REPUBLIKA.CO.ID, JAKARTA -- Wakil Ketua Komisi Pemberantasan Korupsi (KPK), Alexander Marwata menegaskan, kerja pimpinan lembaga antirasuah menganut sistem kolektif kolegial. Sehingga menurut dia, jika ada satu pimpinan yang diduga menerima suap, maka tidak akan memengaruhi proses penyidikan suatu kasus.
Pernyataan ini Alex sampaikan usai diperiksa oleh Dewan Pengawas (Dewas) KPK mengenai dugaan pemerasan terhadap eks Menteri Pertanian Syahrul Yasin Limpo (SYL). Dia juga diklarifikasi soal pertemuan Ketua KPK Firli Bahuri dengan SYL.
"Pimpinan itu kan lima (orang), kolektif kolegial. Kalau misalnya ada satu pimpinan yang mbalelo, yakinlah itu tidak akan menghentikan proses. Kan begitu," kata Alex di Gedung ACLC KPK, Jakarta Selatan, Senin (30/10/2023).
Alex menyebut, suap terhadap dua Pimpinan KPK juga tidak akan menghentikan pengusutan kasus korupsi. Dia justru berkelakar, jika ingin mempengaruhi sebuah kasus di KPK, maka harus menyuap kelima pimpinan.

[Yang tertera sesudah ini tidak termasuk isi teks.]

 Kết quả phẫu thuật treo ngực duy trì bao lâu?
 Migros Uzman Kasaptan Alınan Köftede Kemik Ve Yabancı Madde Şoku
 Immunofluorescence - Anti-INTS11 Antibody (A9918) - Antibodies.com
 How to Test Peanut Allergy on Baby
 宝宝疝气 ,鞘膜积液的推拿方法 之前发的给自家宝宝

"Dua pimpinan, itu juga tidak akan menghentikan proses. Masih ada tiga, kalau voting masih menang. Kan gitu. Jadi kalau ingin mempengaruhi perkara di KPK, suap yang lima pejabat atau paling enggak tiga lah, menang kan," ujar Alex.

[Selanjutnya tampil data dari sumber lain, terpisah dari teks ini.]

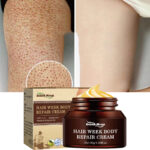 Repair Treatment Cream Cleaning Acne Spots Removal Chicken Skin Goose Bumps Whitening Smooth Body Skin Care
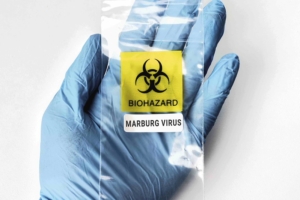 Marburg Virus in Ethiopia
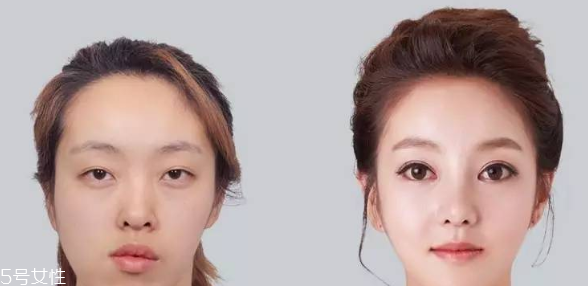 墊鼻尖需要多少錢 墊鼻尖手術(shù)價格高嗎 墊鼻尖需要多少錢 墊鼻尖手術(shù)價格高嗎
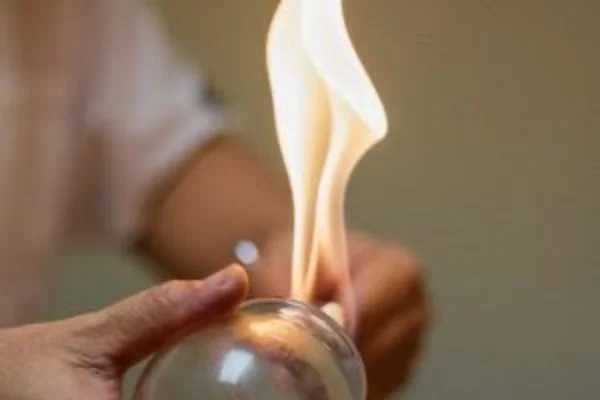 Image of: Prabanjam Acupuncture Clinic Nagercoil Holistic Healing Therapy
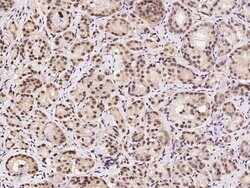 RSK3 Polyclonal Antibody:Antibodies, Polyclonal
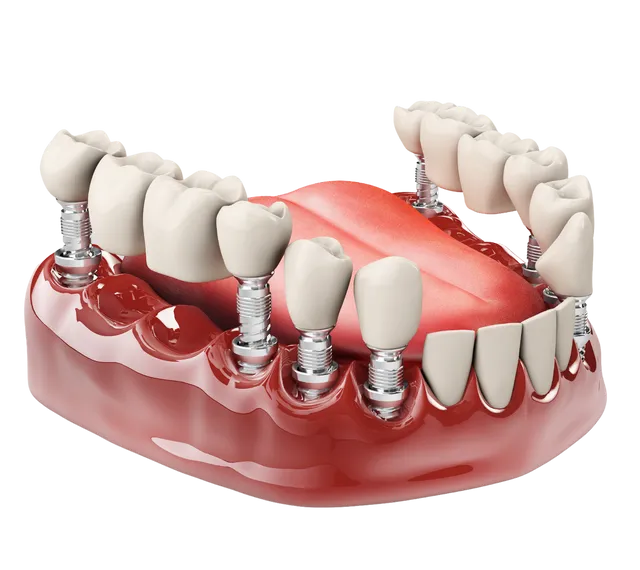 مرکز ایمپلنت دندان در هروی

Ia menjelaskan, mekanisme kolektif kolegial sengaja diterapkan di KPK agar menghindari adanya intervensi dalam penanganan perkara. Selain itu, juga dapat meminimalisasi kuasa terhadap satu orang.
"Kalau toh, ada intervensi, itu harus banyak pimpinan yang intervensi. Jauh lebih mudah kalau intervensinya ke penindakan, langsung," ujar Alex.

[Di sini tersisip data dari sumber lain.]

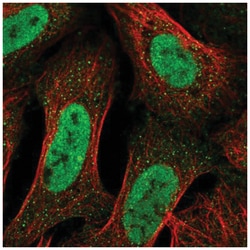 ALS2CR3 Antibody, Novus Biologicals 100&mu;L; Unlabeled:Antibodies, Polyclonal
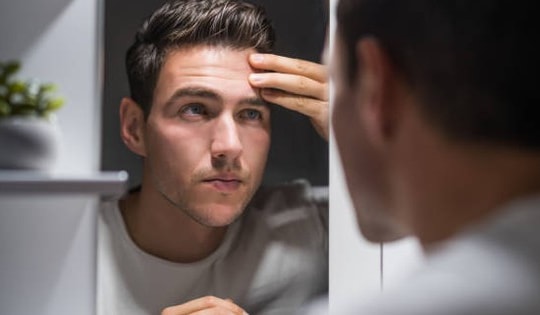 Soi gương mà thấy 2 dấu hiệu này, hãy nghĩ ngay đến cholesterol cao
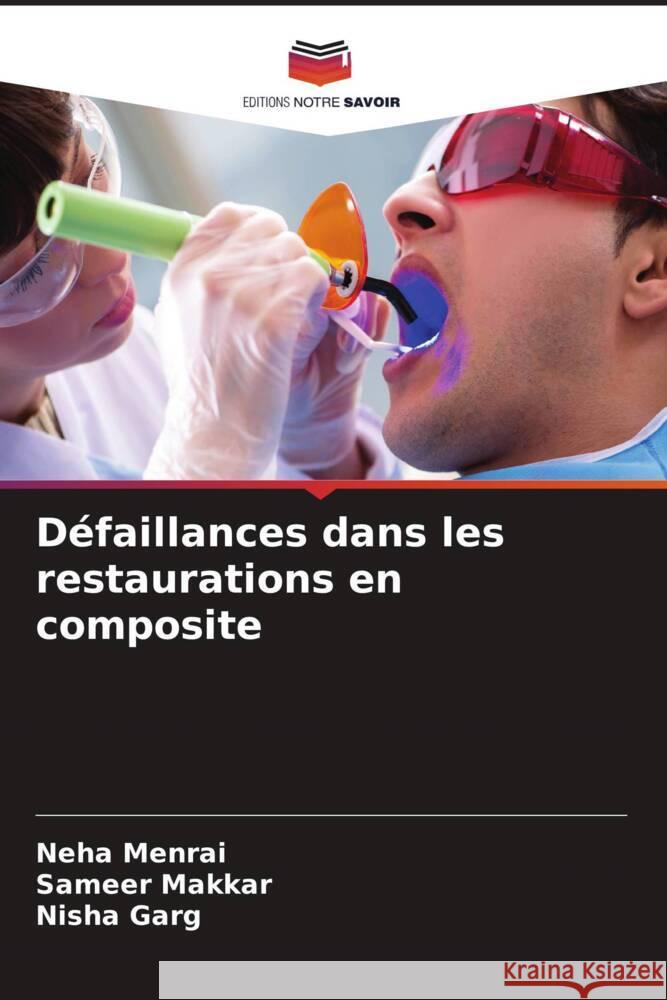 Défaillances dans les restaurations en composite Menrai, Neha, Makkar, Sameer, Garg, Nisha 9786205443064 Editions Notre Savoir - książka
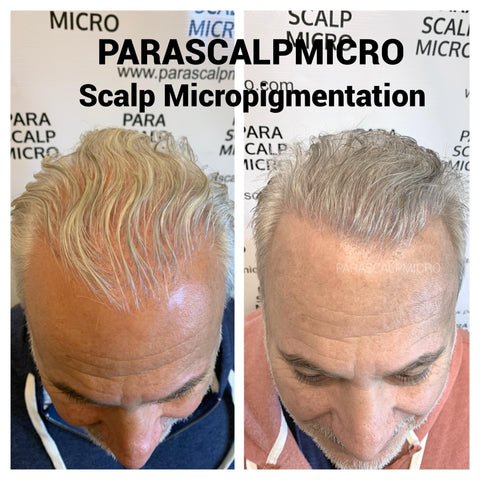 scalp micropigmentation tattoo alopecia hair loss transplant surgery FUE FUT density new york city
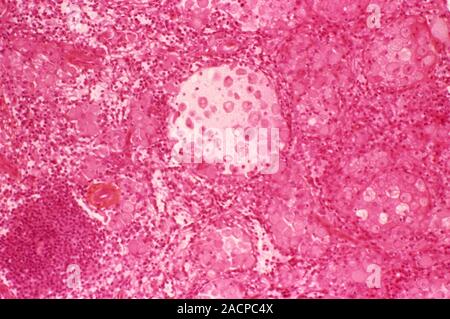 Gaucher's disease. Light micrograph of a section through the spleen of a patient with Gaucher's disease. This is an inherited metabolic disorder in wh Stock Photo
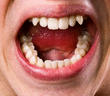 Squeamish Colorado Dental Patients Get Drilled By Self-Interested...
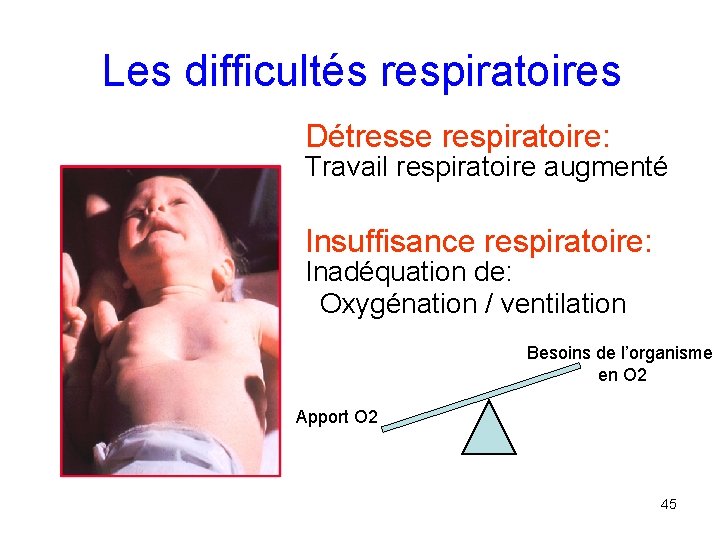 Les difficultés respiratoires Détresse respiratoire: Travail respiratoire augmenté Insuffisance respiratoire: Inadéquation de: Oxygénation /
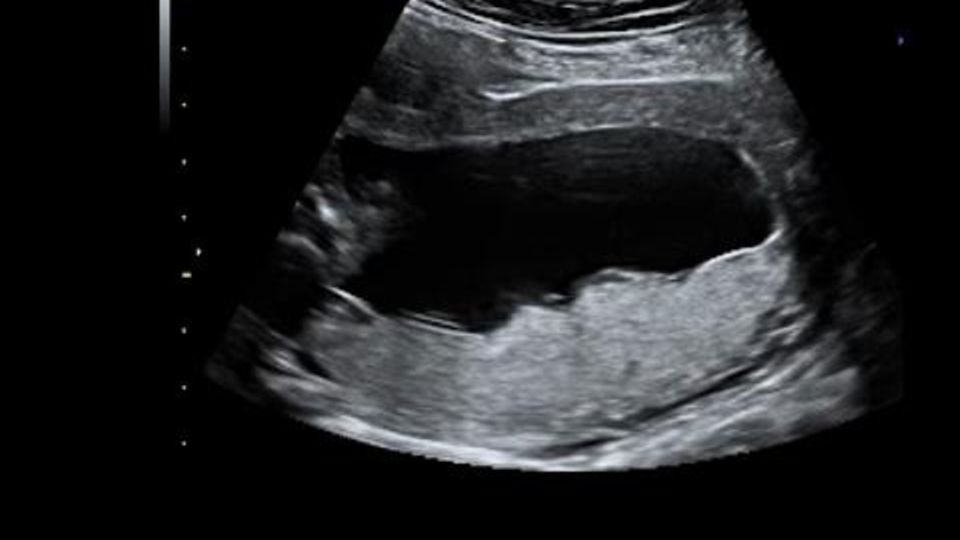 Pränataldiagnostik: Chorionzottenbiopsie: Der frühe Einblick in die Gene des Babys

Disamping itu, Alex mengeklaim tak mengetahui adanya pertemuan Firli dengan SYL seperti dalam foto yang beredar ditengah masyarakat. Dia pun mengaku, koleganya tak pernah menceritakan hal ini.
"Ya, saya kalau ketemu siapa-siapa kan enggak harus sampaikan, pimpinan ketika pertemuan itu tidak membicarakan perkara. Kalau sekadar ngopi, ngobrol ngalur-ngidul, ngapain juga kami laporkan," tegas dia.